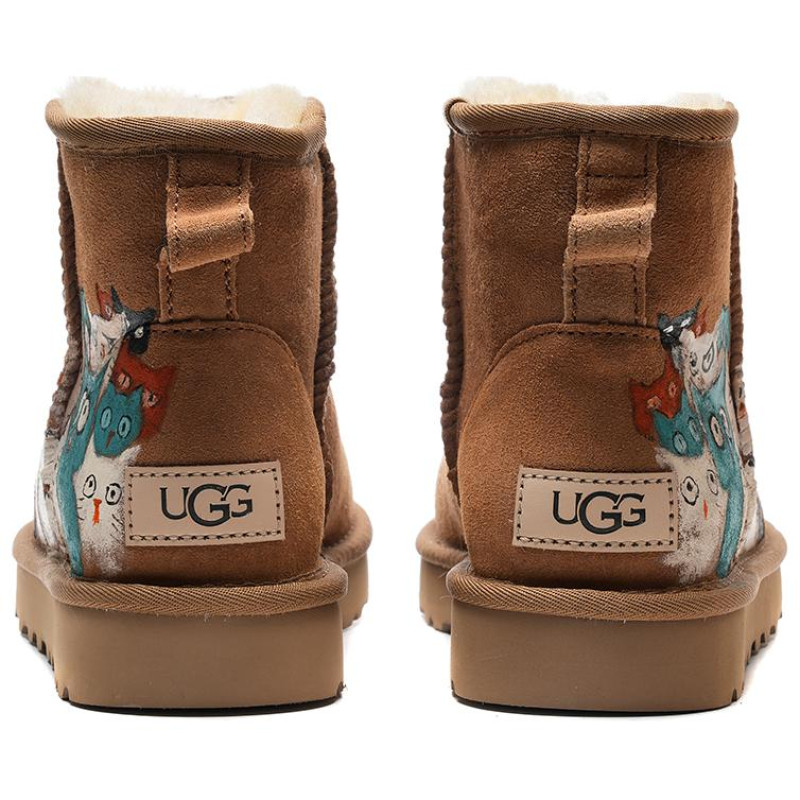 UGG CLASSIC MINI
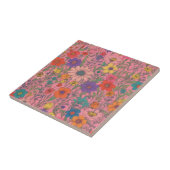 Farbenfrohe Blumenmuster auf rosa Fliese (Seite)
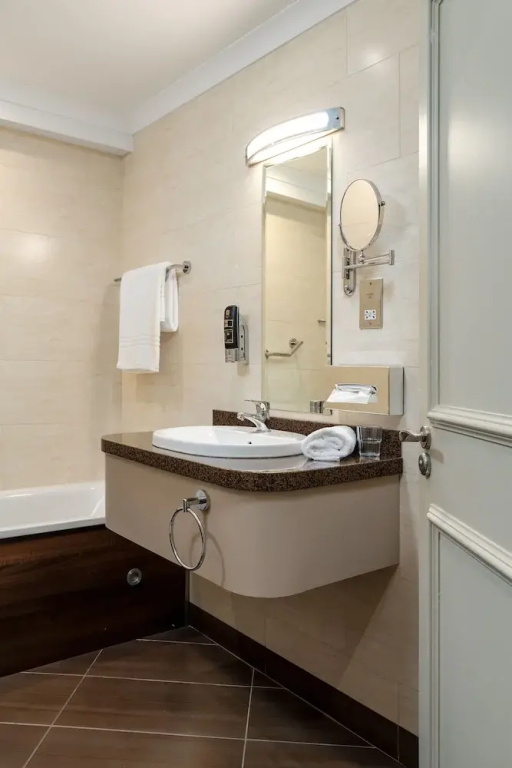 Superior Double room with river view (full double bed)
• • • •
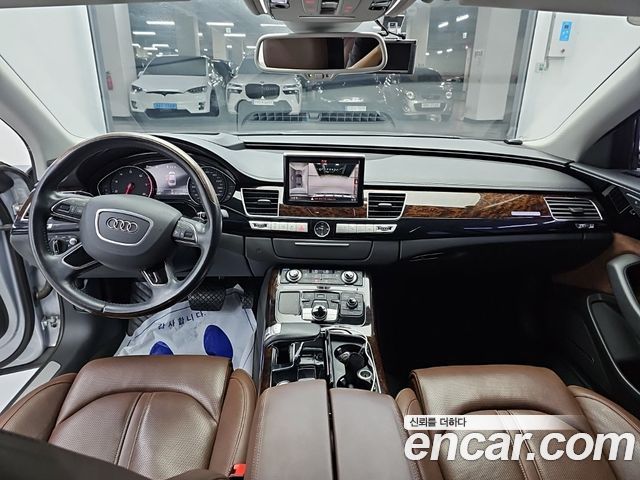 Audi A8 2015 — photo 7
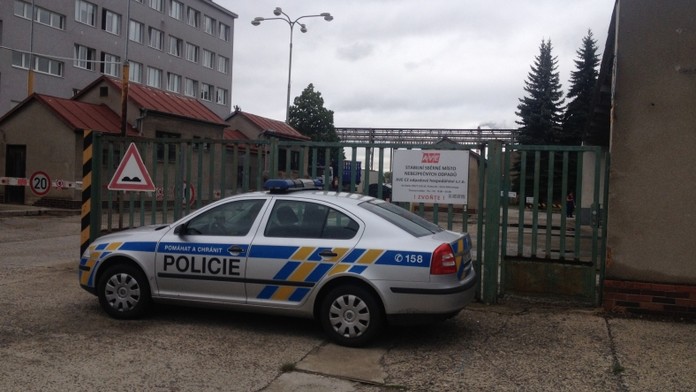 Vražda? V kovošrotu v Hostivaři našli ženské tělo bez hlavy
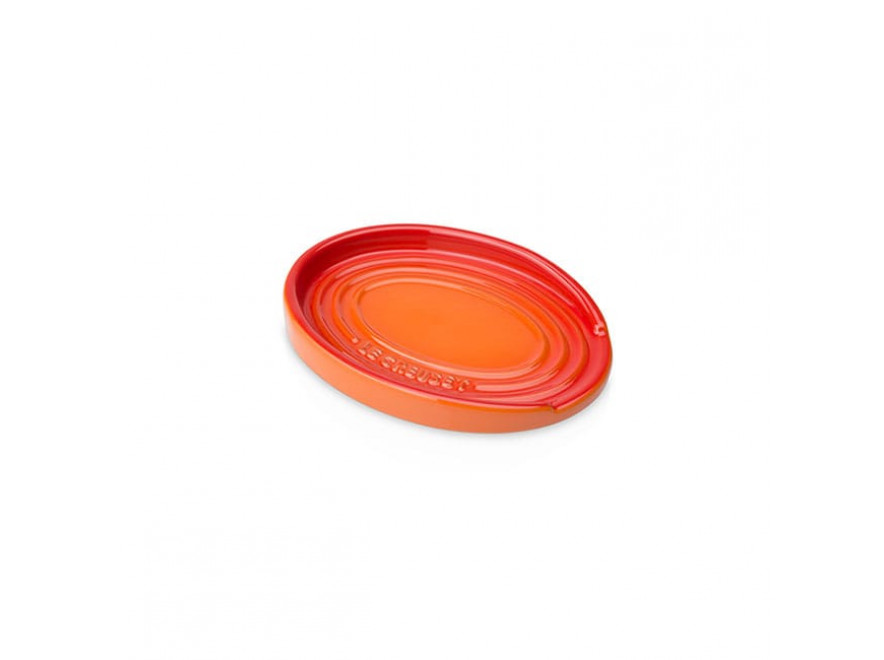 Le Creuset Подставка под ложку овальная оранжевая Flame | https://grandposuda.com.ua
• • • •
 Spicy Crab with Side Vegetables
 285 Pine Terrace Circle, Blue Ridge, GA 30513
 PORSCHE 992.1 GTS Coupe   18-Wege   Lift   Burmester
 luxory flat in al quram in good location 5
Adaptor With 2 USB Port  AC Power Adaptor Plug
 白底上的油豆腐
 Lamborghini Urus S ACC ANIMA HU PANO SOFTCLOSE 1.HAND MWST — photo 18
• • • •
WORK TO BE COMPLETED
Range to print from the listing above: from the line with "Vražda? V kovošrotu" up to and including the line with "Le Creuset Подставка". Please print those lines exactly, with no pictures and nothing more.

ANSWER BOX
 Vražda? V kovošrotu v Hostivaři našli ženské tělo bez hlavy
 Le Creuset Подставка под ложку овальная оранжевая Flame | https://grandposuda.com.ua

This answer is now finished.